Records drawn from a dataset
::::

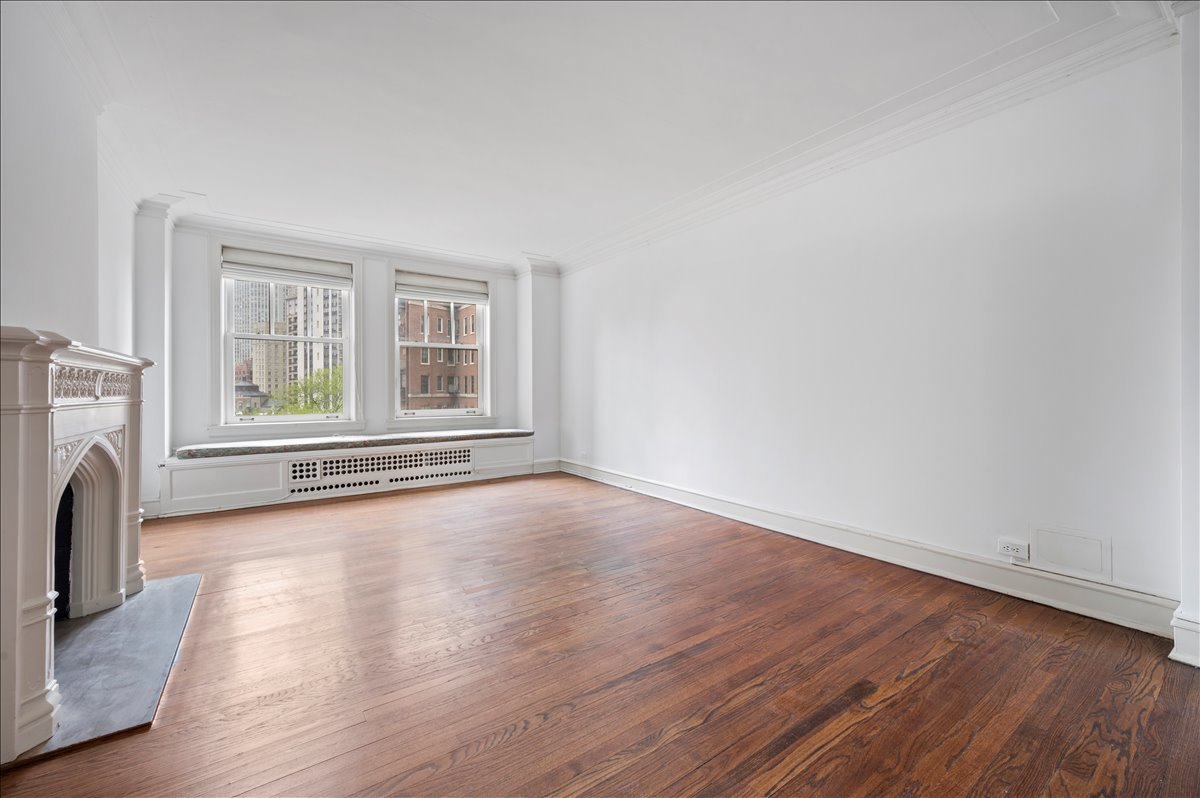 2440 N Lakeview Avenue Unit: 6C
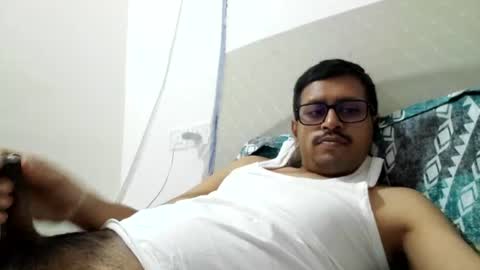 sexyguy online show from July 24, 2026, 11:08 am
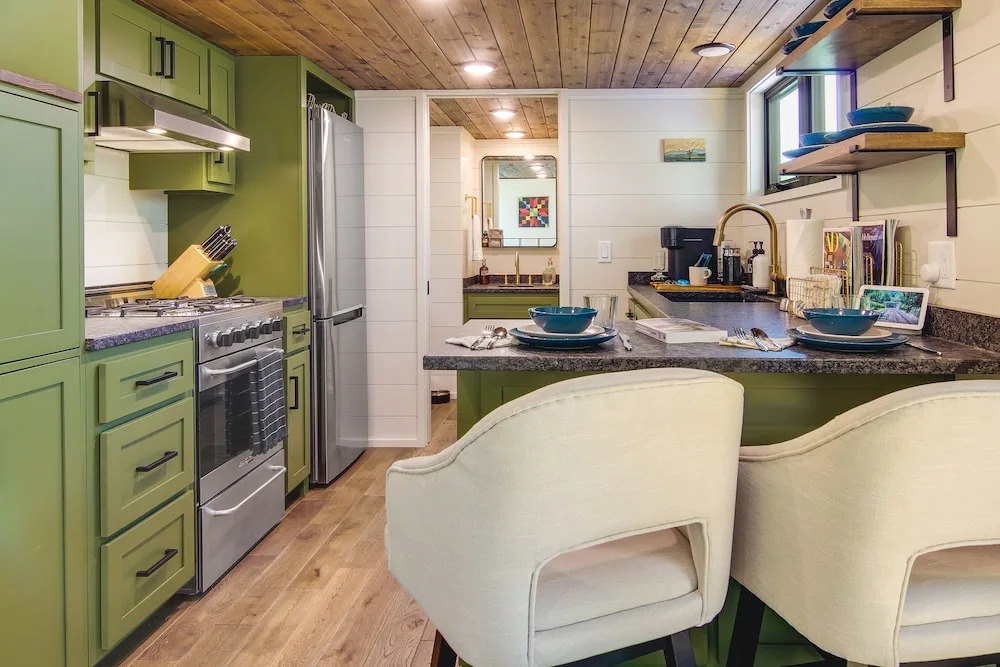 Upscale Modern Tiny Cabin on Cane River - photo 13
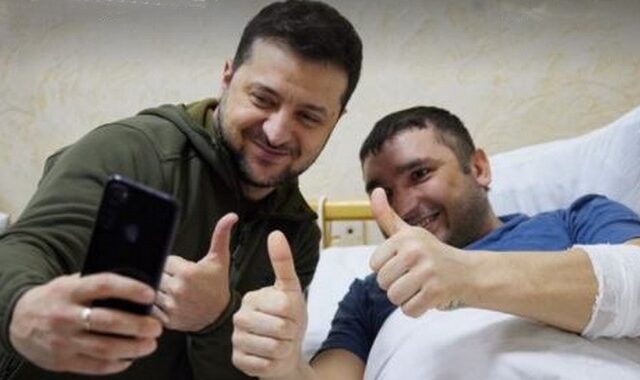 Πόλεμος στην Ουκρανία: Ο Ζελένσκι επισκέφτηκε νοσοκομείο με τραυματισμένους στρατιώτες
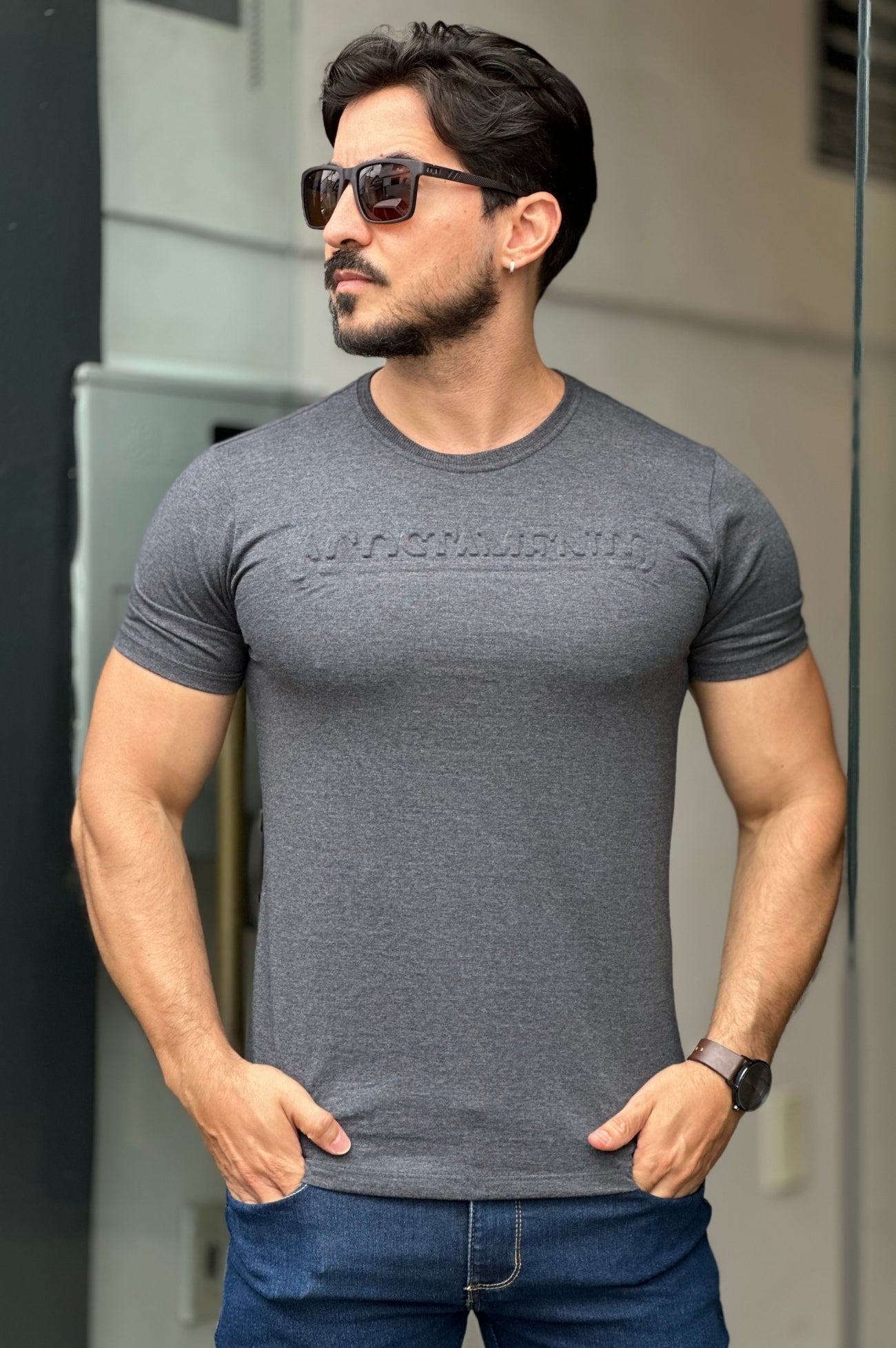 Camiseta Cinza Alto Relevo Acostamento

::::

### Activity
Begin at the line containing "Upscale Modern Tiny" and transcribe exactly every line through the end of the records, both ends included, leaving the pictures out.

### Response
 Upscale Modern Tiny Cabin on Cane River - photo 13
 Πόλεμος στην Ουκρανία: Ο Ζελένσκι επισκέφτηκε νοσοκομείο με τραυματισμένους στρατιώτες
 Camiseta Cinza Alto Relevo Acostamento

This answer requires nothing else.